My girlfriend never loved a woman before and was very scared. She is afraid of how people in Split, Croatia, judge. Although she lived in Belgium for a long time, she can’t come out. And when she went home to Split, I went to be with her.
After four months, I had to leave for Belgium… To be hidden, to be suppressed, was creating fights, and our love can’t be seen in her family. She is my sweet angel, my everything, but I have to let her go for now.
She gave me a pair of pants for the cold. I’m going home for now, but actually she is my home. Now it’s broken. She doesn’t want pressure, but I want our love to be real, not hidden. Everybody sees it. It’s ridiculous to hide.
To all people in Croatia, please support people who live like this. The mentality should change, especially in Dalmatia. But anywhere in the world, love should rule.
Soul-love has nothing to do with gender. The body finds a way. Touch is just loving. It’s a pity gays or bisexual people can’t just walk freely in Croatia. Nobody should judge. I think we are broken, but I leave the pants to free any dominance, and I hope all will change and we will be free.
A chance for reflection
These couples, of course, may have split without the pandemic. Charlotte Fuentes, collection manager of the museum, said coronavirus and the subsequent lockdowns gave people a chance to reflect.
“Some of us really appreciated that extra time spent with their families, lovers, and friends,” she said in an email. “Some of us felt trapped in their flats and felt the urge to end their relationships. Some of us suffered from the distance and lack of contact, especially physical contact.”
Perhaps, Fuentes said, COVID-19 made it easier for some to make decisions about their relationships, “pushed by this pandemic fear of no tomorrow.”

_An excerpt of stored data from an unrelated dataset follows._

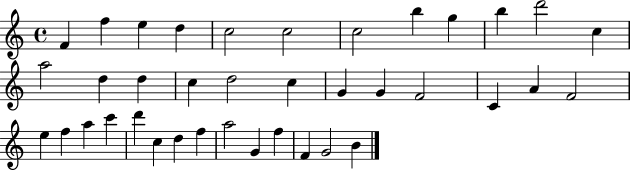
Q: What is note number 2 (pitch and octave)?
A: F5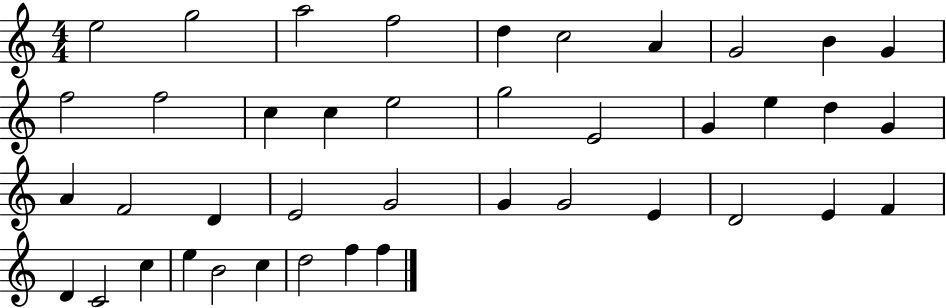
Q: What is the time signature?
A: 4/4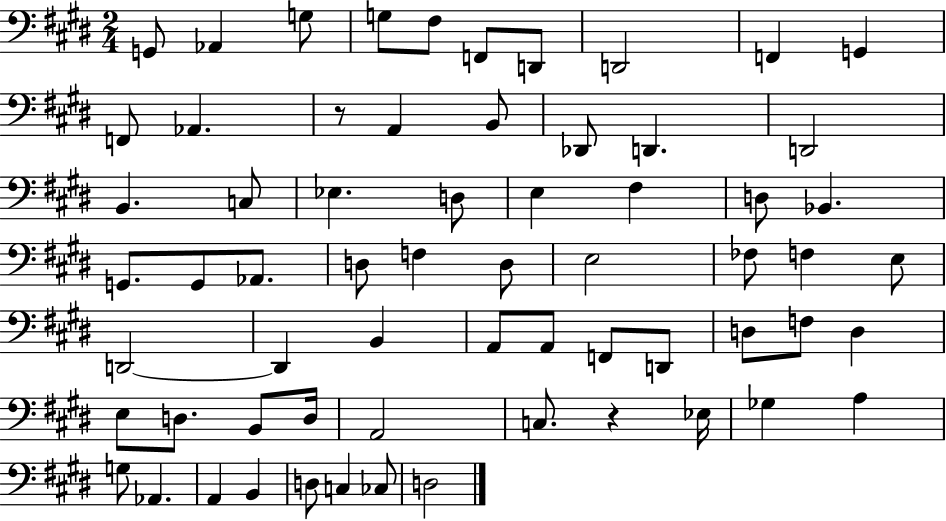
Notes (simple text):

G2/e Ab2/q G3/e G3/e F#3/e F2/e D2/e D2/h F2/q G2/q F2/e Ab2/q. R/e A2/q B2/e Db2/e D2/q. D2/h B2/q. C3/e Eb3/q. D3/e E3/q F#3/q D3/e Bb2/q. G2/e. G2/e Ab2/e. D3/e F3/q D3/e E3/h FES3/e F3/q E3/e D2/h D2/q B2/q A2/e A2/e F2/e D2/e D3/e F3/e D3/q E3/e D3/e. B2/e D3/s A2/h C3/e. R/q Eb3/s Gb3/q A3/q G3/e Ab2/q. A2/q B2/q D3/e C3/q CES3/e D3/h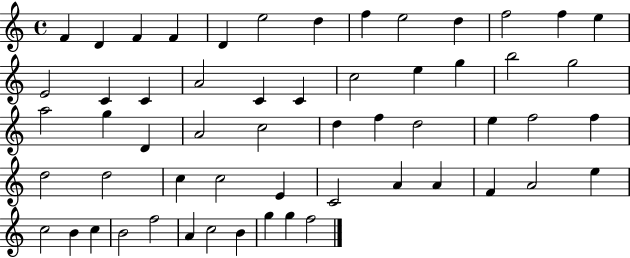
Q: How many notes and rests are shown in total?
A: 57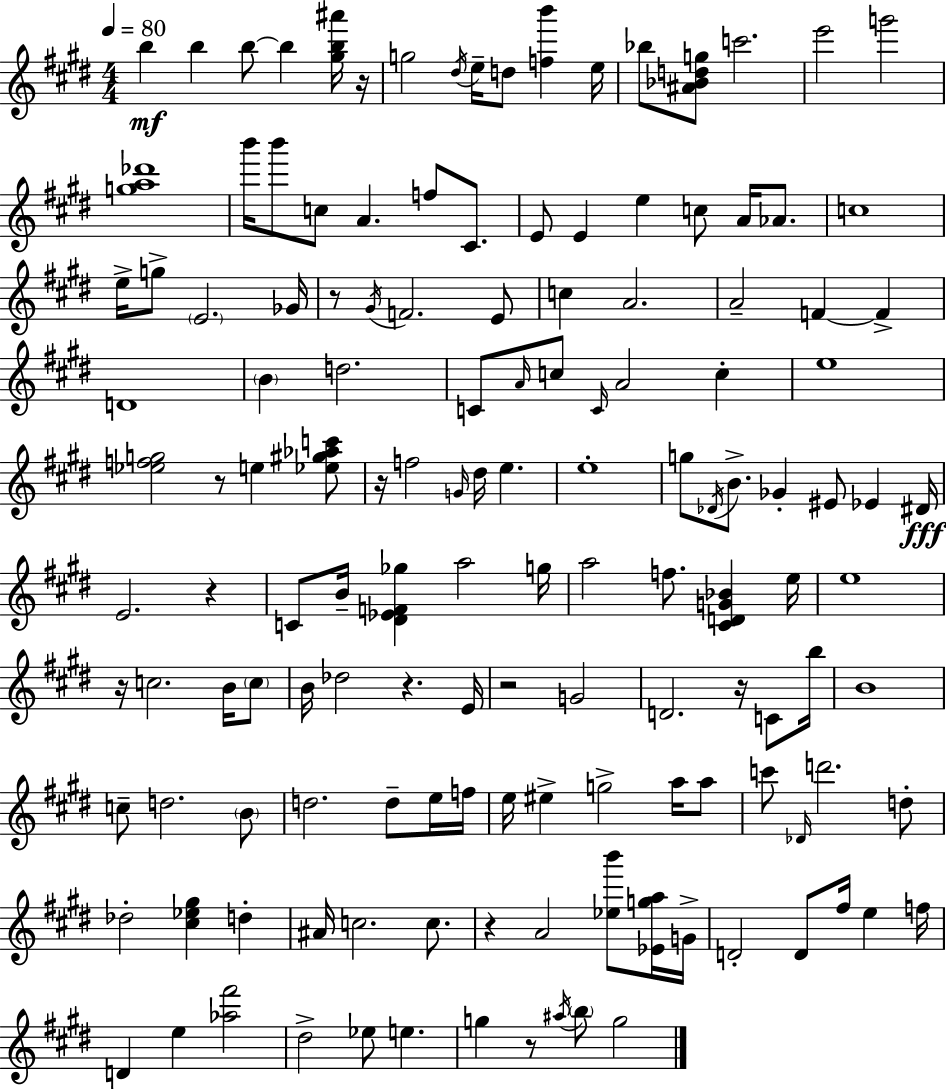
B5/q B5/q B5/e B5/q [G#5,B5,A#6]/s R/s G5/h D#5/s E5/s D5/e [F5,B6]/q E5/s Bb5/e [A#4,Bb4,D5,G5]/e C6/h. E6/h G6/h [G5,A5,Db6]/w B6/s B6/e C5/e A4/q. F5/e C#4/e. E4/e E4/q E5/q C5/e A4/s Ab4/e. C5/w E5/s G5/e E4/h. Gb4/s R/e G#4/s F4/h. E4/e C5/q A4/h. A4/h F4/q F4/q D4/w B4/q D5/h. C4/e A4/s C5/e C4/s A4/h C5/q E5/w [Eb5,F5,G5]/h R/e E5/q [Eb5,G#5,Ab5,C6]/e R/s F5/h G4/s D#5/s E5/q. E5/w G5/e Db4/s B4/e. Gb4/q EIS4/e Eb4/q D#4/s E4/h. R/q C4/e B4/s [D#4,Eb4,F4,Gb5]/q A5/h G5/s A5/h F5/e. [C#4,D4,G4,Bb4]/q E5/s E5/w R/s C5/h. B4/s C5/e B4/s Db5/h R/q. E4/s R/h G4/h D4/h. R/s C4/e B5/s B4/w C5/e D5/h. B4/e D5/h. D5/e E5/s F5/s E5/s EIS5/q G5/h A5/s A5/e C6/e Db4/s D6/h. D5/e Db5/h [C#5,Eb5,G#5]/q D5/q A#4/s C5/h. C5/e. R/q A4/h [Eb5,B6]/e [Eb4,G5,A5]/s G4/s D4/h D4/e F#5/s E5/q F5/s D4/q E5/q [Ab5,F#6]/h D#5/h Eb5/e E5/q. G5/q R/e A#5/s B5/e G5/h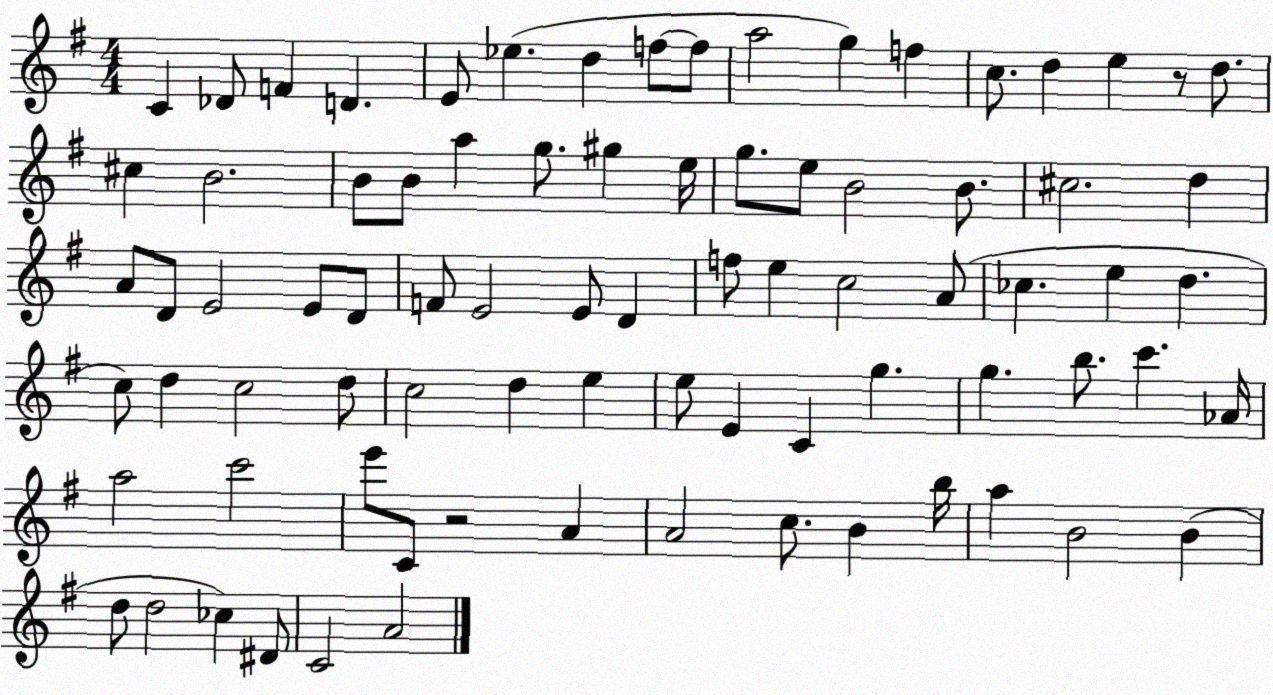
X:1
T:Untitled
M:4/4
L:1/4
K:G
C _D/2 F D E/2 _e d f/2 f/2 a2 g f c/2 d e z/2 d/2 ^c B2 B/2 B/2 a g/2 ^g e/4 g/2 e/2 B2 B/2 ^c2 d A/2 D/2 E2 E/2 D/2 F/2 E2 E/2 D f/2 e c2 A/2 _c e d c/2 d c2 d/2 c2 d e e/2 E C g g b/2 c' _A/4 a2 c'2 e'/2 C/2 z2 A A2 c/2 B b/4 a B2 B d/2 d2 _c ^D/2 C2 A2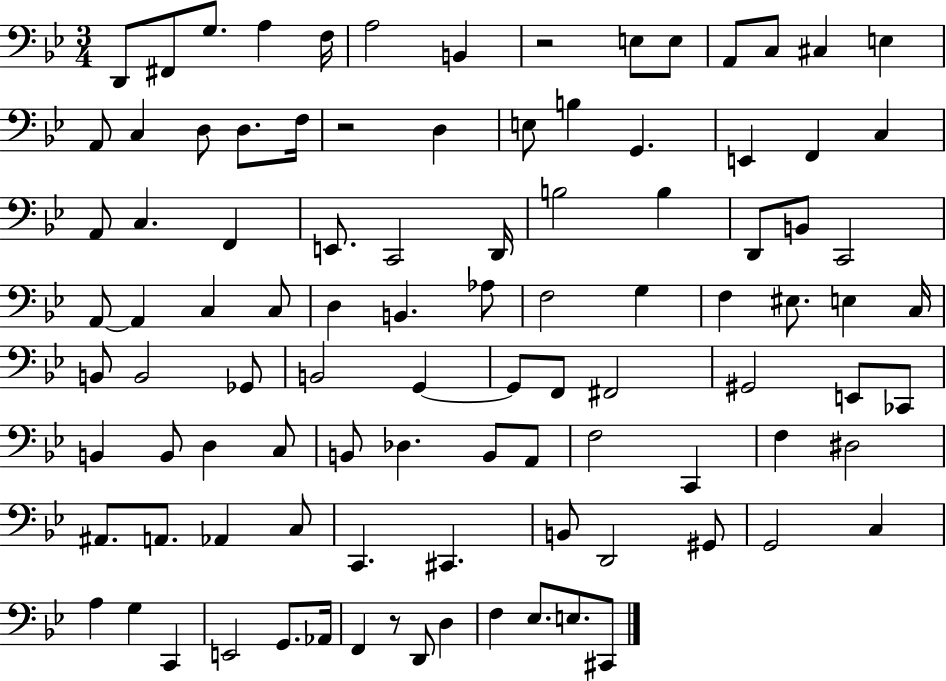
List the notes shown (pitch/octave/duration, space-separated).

D2/e F#2/e G3/e. A3/q F3/s A3/h B2/q R/h E3/e E3/e A2/e C3/e C#3/q E3/q A2/e C3/q D3/e D3/e. F3/s R/h D3/q E3/e B3/q G2/q. E2/q F2/q C3/q A2/e C3/q. F2/q E2/e. C2/h D2/s B3/h B3/q D2/e B2/e C2/h A2/e A2/q C3/q C3/e D3/q B2/q. Ab3/e F3/h G3/q F3/q EIS3/e. E3/q C3/s B2/e B2/h Gb2/e B2/h G2/q G2/e F2/e F#2/h G#2/h E2/e CES2/e B2/q B2/e D3/q C3/e B2/e Db3/q. B2/e A2/e F3/h C2/q F3/q D#3/h A#2/e. A2/e. Ab2/q C3/e C2/q. C#2/q. B2/e D2/h G#2/e G2/h C3/q A3/q G3/q C2/q E2/h G2/e. Ab2/s F2/q R/e D2/e D3/q F3/q Eb3/e. E3/e. C#2/e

The relationships of two persons close to me snapped during the pandemic. On the other hand, a month before the lockdown, my son Jeff met a woman through their hair stylist. For two years, they dated. Next year, he and Cara will get married.
It can cut both ways.
The emotional testimonies shared by people around the globe made an impression on me and has me wondering what kind of love and loss stories are in the Pittsburgh area. If your relationship — no matter what kind — wilted during the pandemic, feel free to write about it. PublicSource may publish it, but not without your permission.
Remember, you are not alone.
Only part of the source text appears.